According to a Phase 2 trial published in The Lancet Infectious Diseases, ensitrelvir, a once-daily oral drug developed by Shionogi, shows potent antiviral activity against COVID-19. This drug is already registered and widely used in Japan and Singapore, with over 1 million people having received it. However, its effectiveness outside these countries remains under investigation.
The trial aimed to compare ensitrelvir with ritonavir-boosted nirmatrelvir (Paxlovid), the first oral antiviral approved by the FDA for COVID-19. Paxlovid has become a go-to medication for mild-to-moderate COVID-19 cases, but its high cost, numerous contraindications, and limited availability outside wealthy nations present significant challenges.
The study, conducted in Thailand and Laos, involved low-risk outpatients aged 18-60 with early symptomatic COVID-19. Researchers measured viral clearance rates to assess the drugs' efficacy, as COVID-19's milder nature has reduced the occurrence of severe outcomes like hospitalization and death, making these hard endpoints less practical for comparison.
And here's where it gets interesting: both ensitrelvir and ritonavir-boosted nirmatrelvir accelerated viral clearance significantly. By day 3, viral densities were 2.9 times lower in the ensitrelvir group and 2.4 times lower in the ritonavir-boosted nirmatrelvir group compared to the no-drug group. By day 5, viral clearance rates were 82% faster with ensitrelvir and 116% faster with ritonavir-boosted nirmatrelvir. However, in a non-inferiority comparison, ensitrelvir's viral clearance was 16% slower than nirmatrelvir.
Not only did the drugs speed up viral clearance, but they also led to faster symptom resolution: 32% faster in the ensitrelvir group and 38% faster in the ritonavir-boosted nirmatrelvir group. Viral rebound was rare, occurring in 7% of the nirmatrelvir group and 5% of the ensitrelvir group, with no patients developing severe disease.

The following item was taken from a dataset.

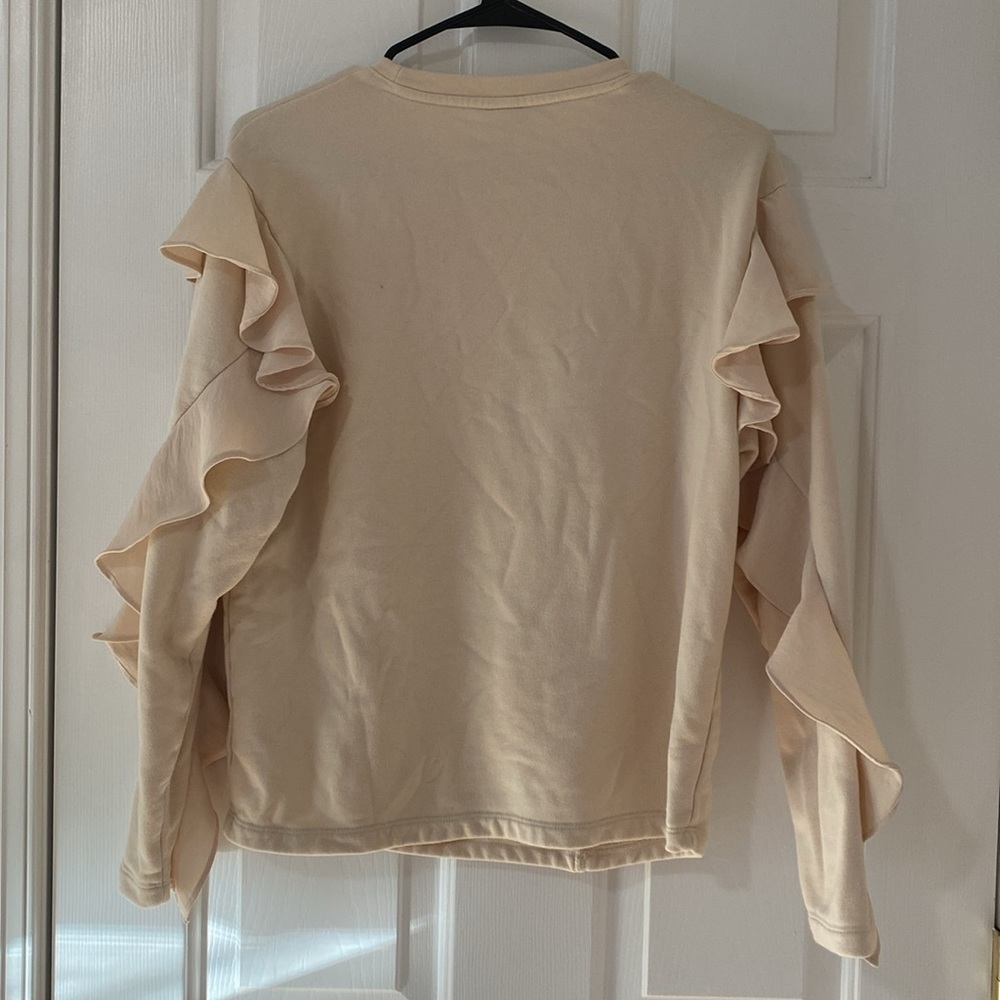 A New Day Ruffle Sleeve Sweatshirt - Picture 4 of 5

A meta-analysis further supports these findings, showing that ensitrelvir and ritonavir-boosted nirmatrelvir had the largest antiviral effects among various small-molecule drugs tested in the trial, including remdesivir and molnupiravir.
But what sets ensitrelvir apart? The authors highlight its advantages over Paxlovid, such as a lower pill burden (one pill per day vs. two) and a more pleasant taste. Additionally, it could be a viable option for immunocompromised patients who take medications that interact with ritonavir.

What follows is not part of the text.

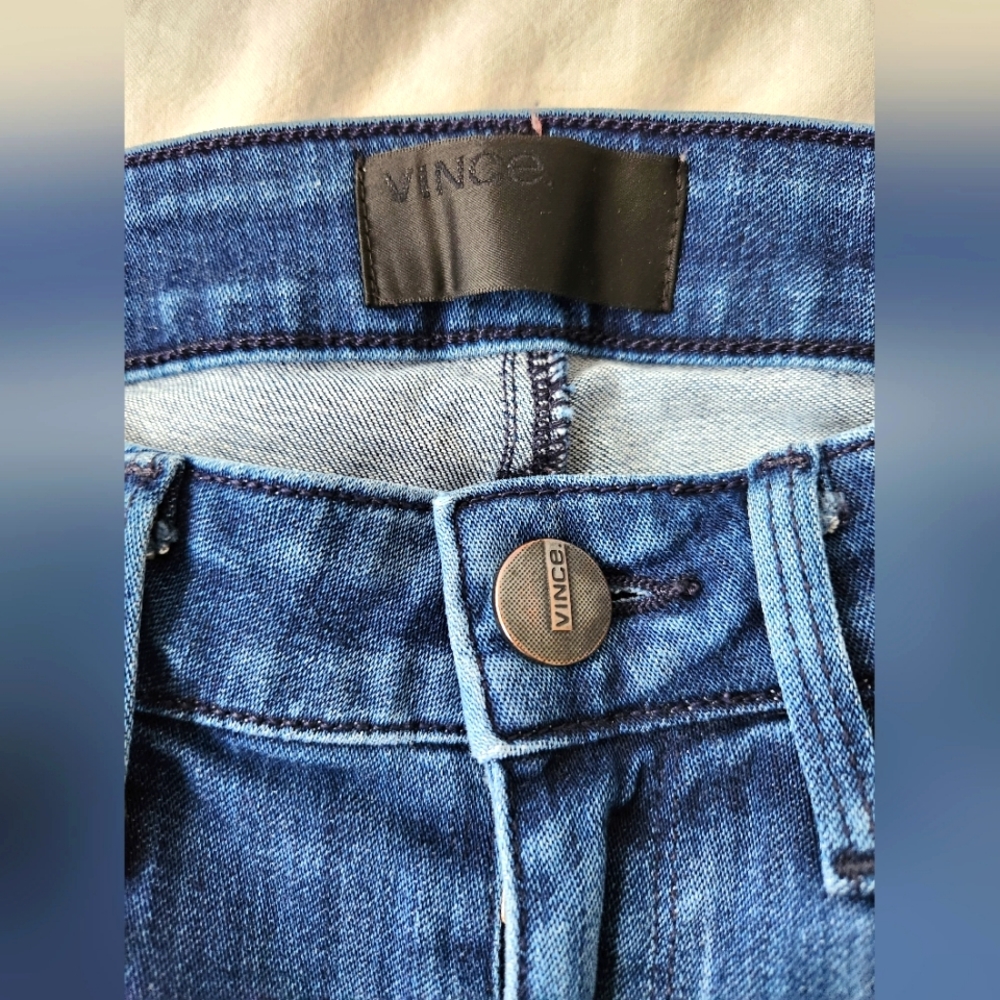 VINCE. Riley Denim Leggings Size 26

As the threat of COVID-19 to the general population diminishes, many may question the need for new antivirals. However, the authors caution that more virulent variants could change this perspective. COVID-19 can still pose a significant risk to frail, elderly, or immunocompromised individuals, who may benefit from effective treatments.

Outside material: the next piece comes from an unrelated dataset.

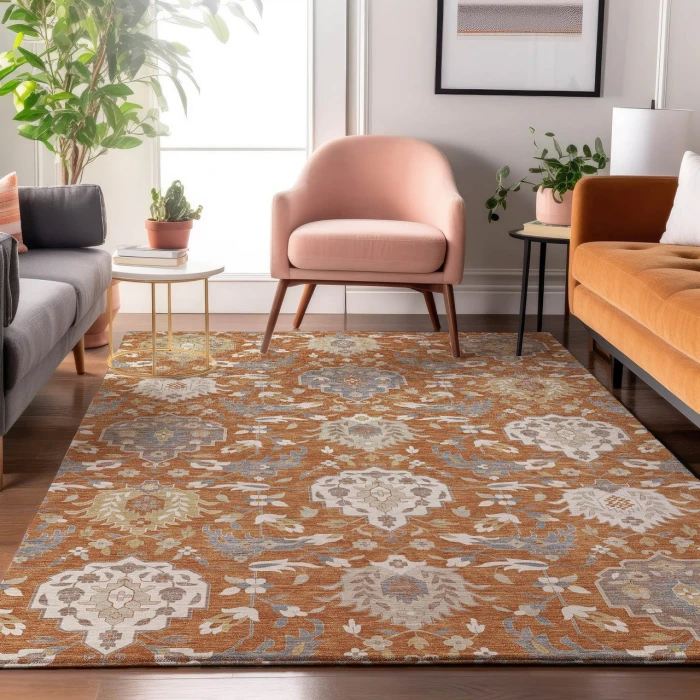 Dalyn Tabrook Orange TB4 5ft. x 7ft.6in. Rug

The future of ensitrelvir as a COVID antiviral treatment is uncertain, but Shionogi has submitted an NDA to the FDA for its use in COVID-19 prevention, citing a Phase 3 trial that showed a 67% reduced infection risk.
This development raises questions: Is ensitrelvir the next big thing in COVID-19 treatment? Will it be accessible and affordable for those who need it most? And how will it compare to other emerging treatments? The ongoing research and regulatory processes will provide answers, but the potential impact on global health is undeniable.